(Web page caption snippets)

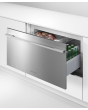 Fisher + Paykel RB9064S1 Series 9 Integrated CoolDrawer™ Multi-temperature Drawer 26091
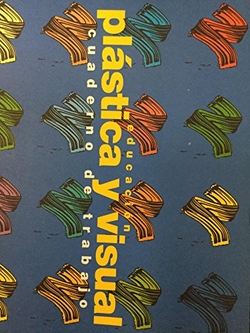 PLASTICA VISUAL 1º.ESO (SECUNDARIA) S.M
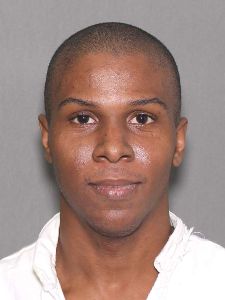Photo of WILEY, SIMEON DOMINIC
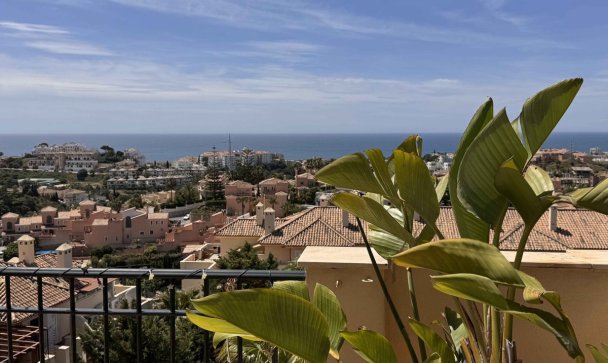 apartment - Resale - Mijas - Riviera del Sol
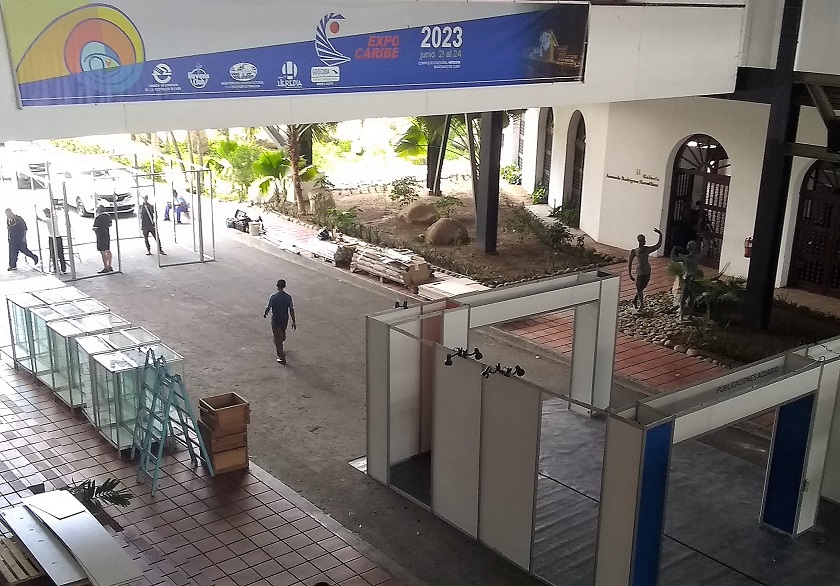 expo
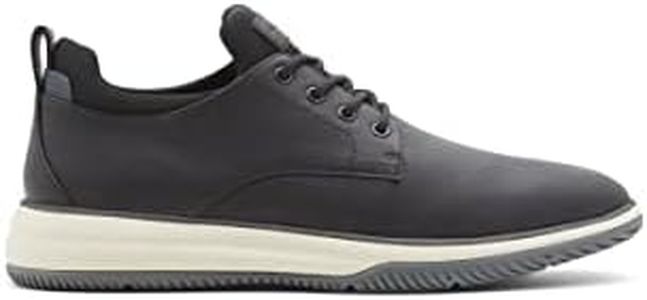 ALDO Men's Bergen Sneaker, Black, 7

*TASK DIRECTIONS:* Leave the pictures aside and transcribe only the lines from the one holding "apartment - Resale - Mijas - Riviera del Sol" through the final line of the records above.

*SOLUTION:*
 apartment - Resale - Mijas - Riviera del Sol
 expo
 ALDO Men's Bergen Sneaker, Black, 7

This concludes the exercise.